■ **Information given**:
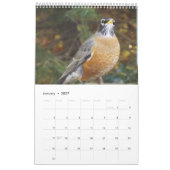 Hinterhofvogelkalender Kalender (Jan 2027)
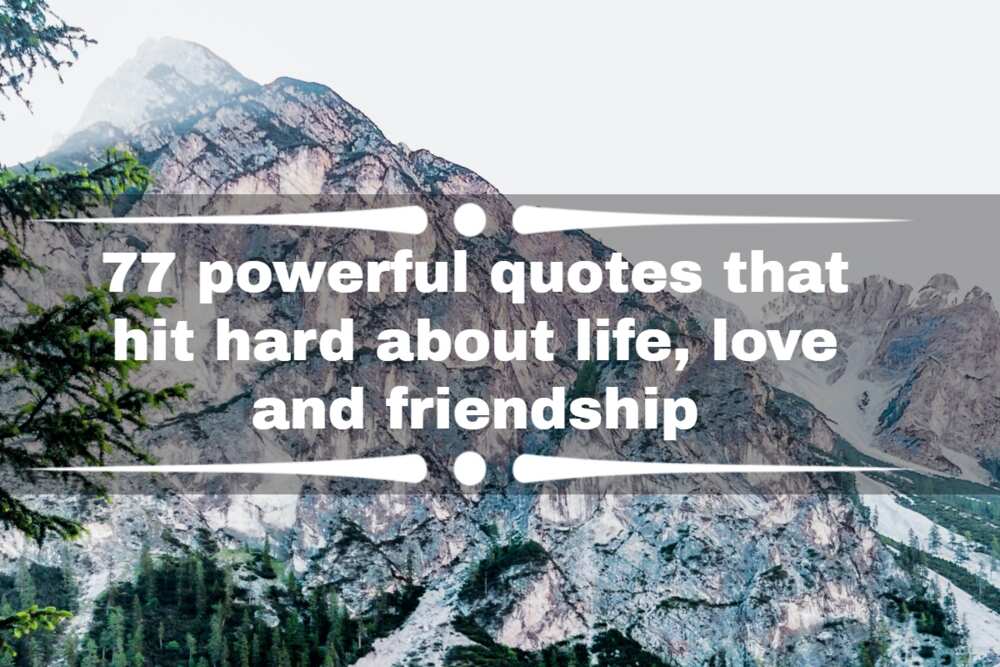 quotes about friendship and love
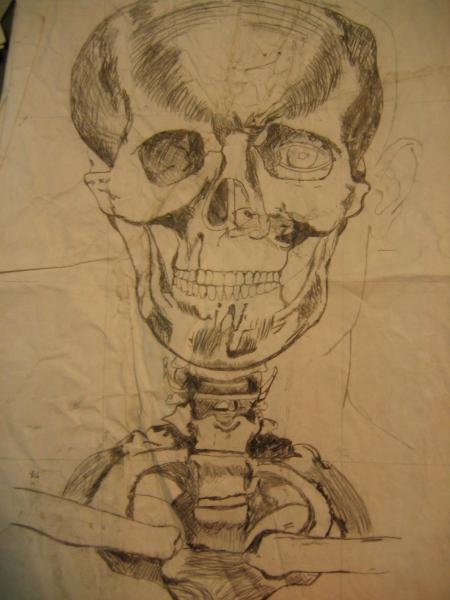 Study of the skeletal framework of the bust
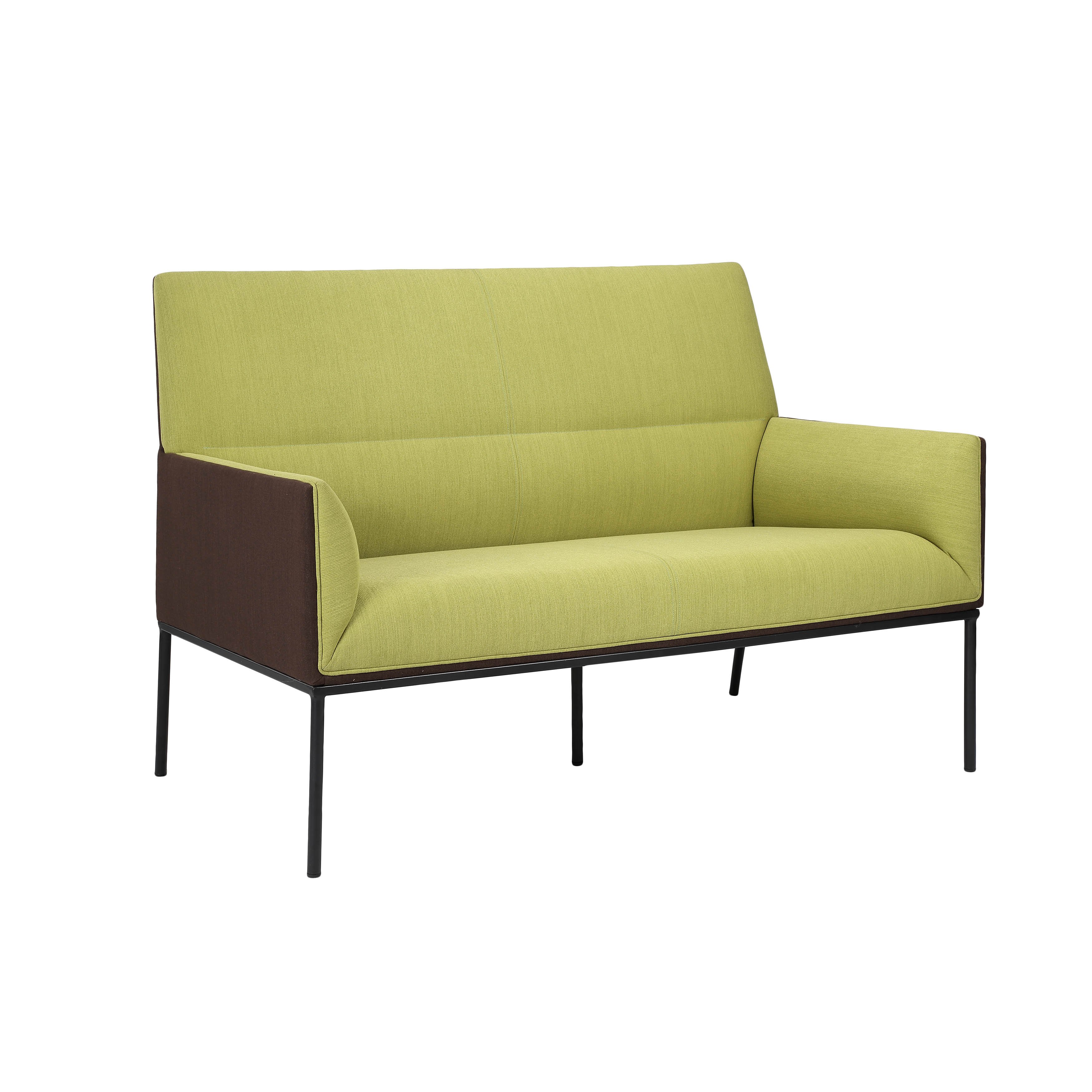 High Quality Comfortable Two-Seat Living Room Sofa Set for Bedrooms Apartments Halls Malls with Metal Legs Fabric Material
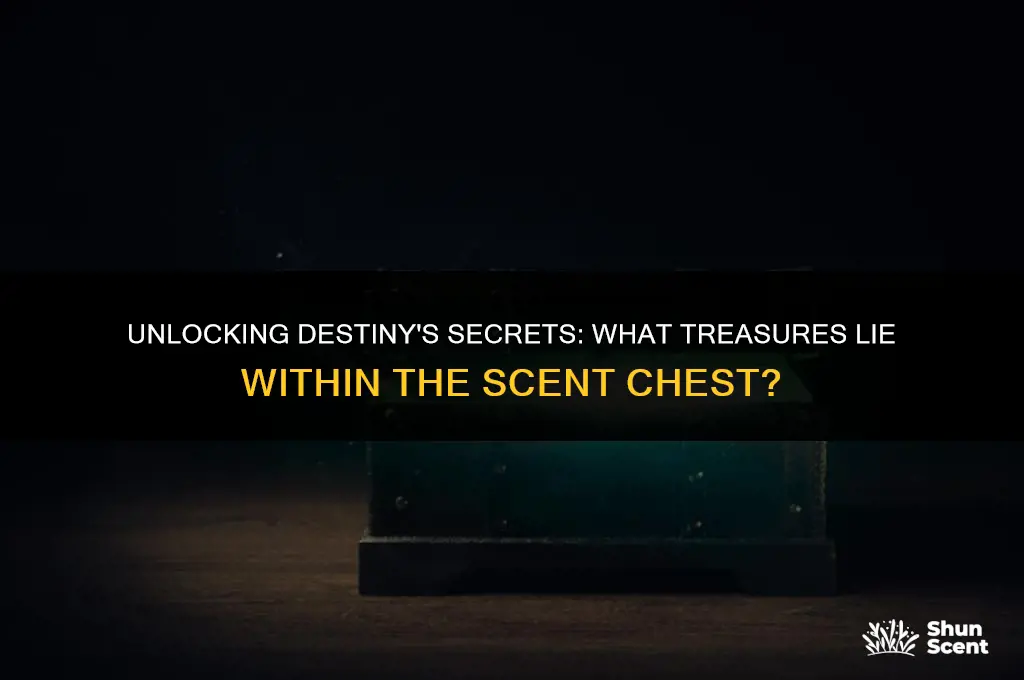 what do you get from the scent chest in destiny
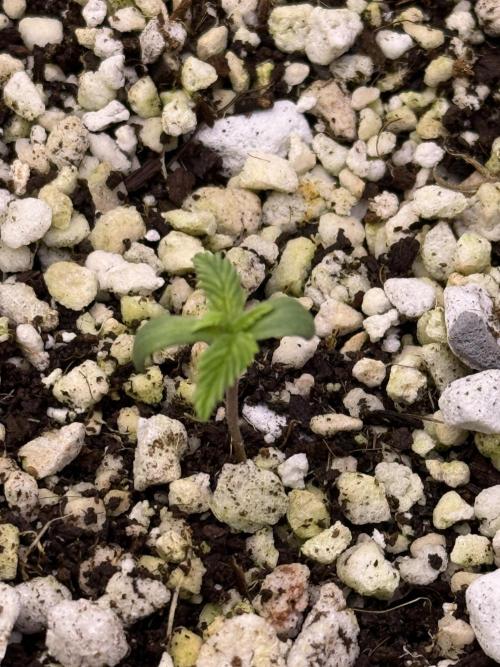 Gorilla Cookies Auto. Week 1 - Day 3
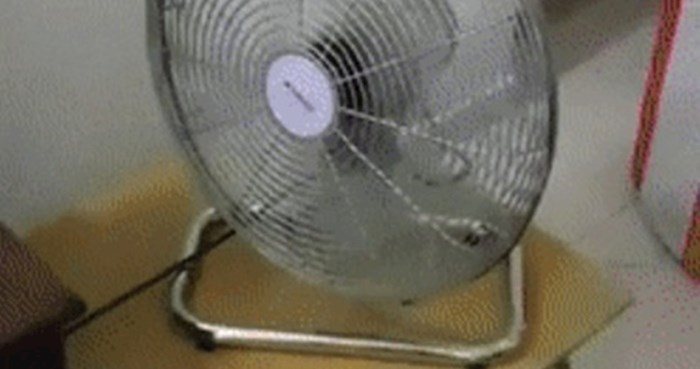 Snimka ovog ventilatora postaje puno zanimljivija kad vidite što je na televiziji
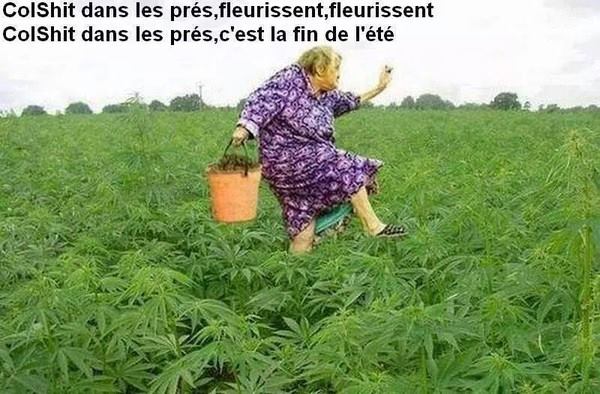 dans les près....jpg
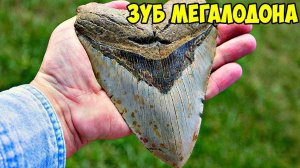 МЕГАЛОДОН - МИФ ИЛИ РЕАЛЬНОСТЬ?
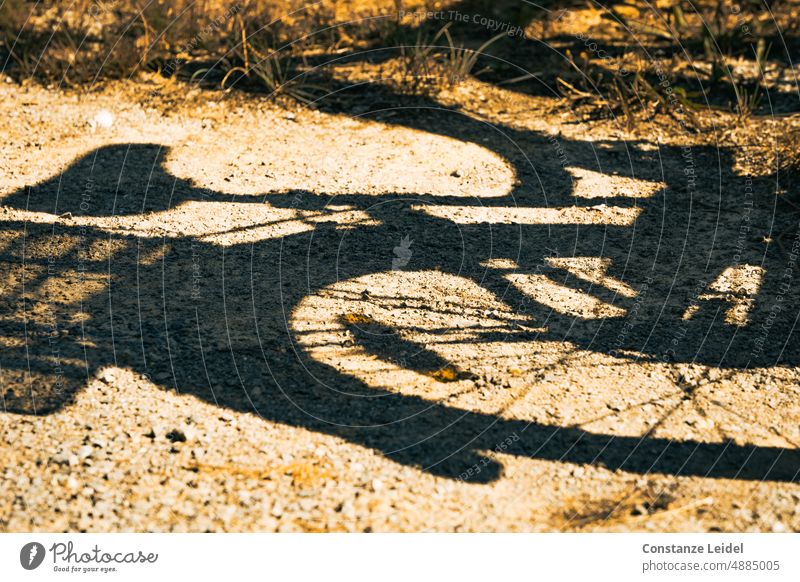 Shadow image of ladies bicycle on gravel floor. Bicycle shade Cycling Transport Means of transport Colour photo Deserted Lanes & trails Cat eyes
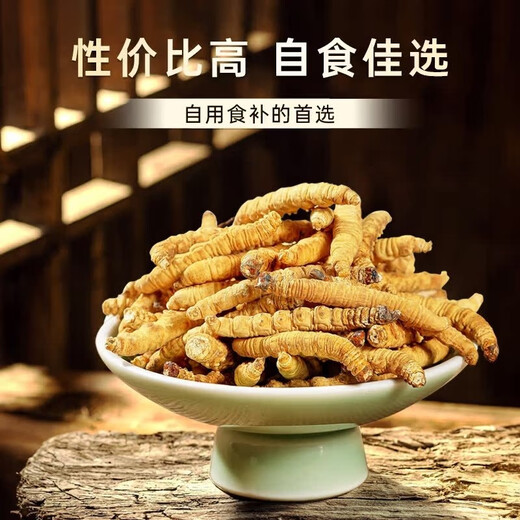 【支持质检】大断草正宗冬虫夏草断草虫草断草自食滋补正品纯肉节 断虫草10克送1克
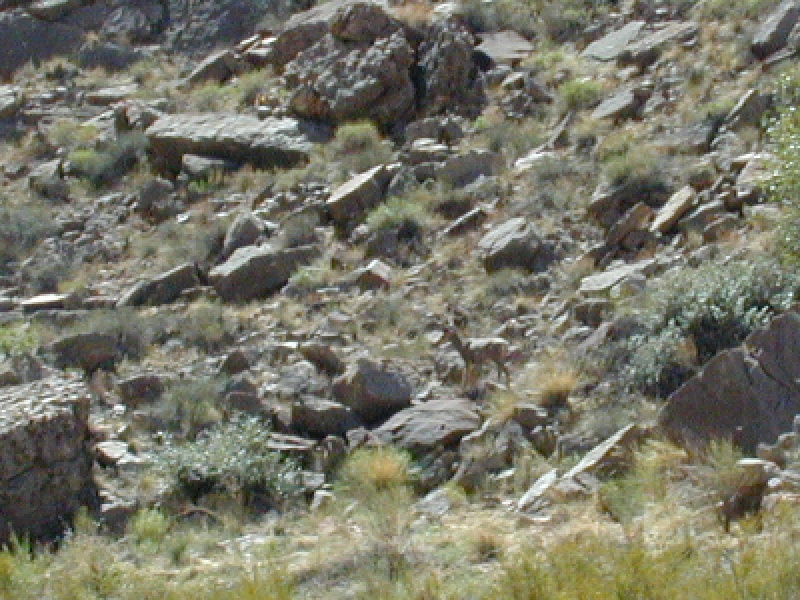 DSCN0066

■ **To do**: Starting with the line that contains "what do you", copy every line word for word through the end of the listing above, but leave out the pictures.

■ **Exercise answer**:
 what do you get from the scent chest in destiny
 Gorilla Cookies Auto. Week 1 - Day 3
 Snimka ovog ventilatora postaje puno zanimljivija kad vidite što je na televiziji
 dans les près....jpg
 МЕГАЛОДОН - МИФ ИЛИ РЕАЛЬНОСТЬ?
 Shadow image of ladies bicycle on gravel floor. Bicycle shade Cycling Transport Means of transport Colour photo Deserted Lanes & trails Cat eyes
 【支持质检】大断草正宗冬虫夏草断草虫草断草自食滋补正品纯肉节 断虫草10克送1克
 DSCN0066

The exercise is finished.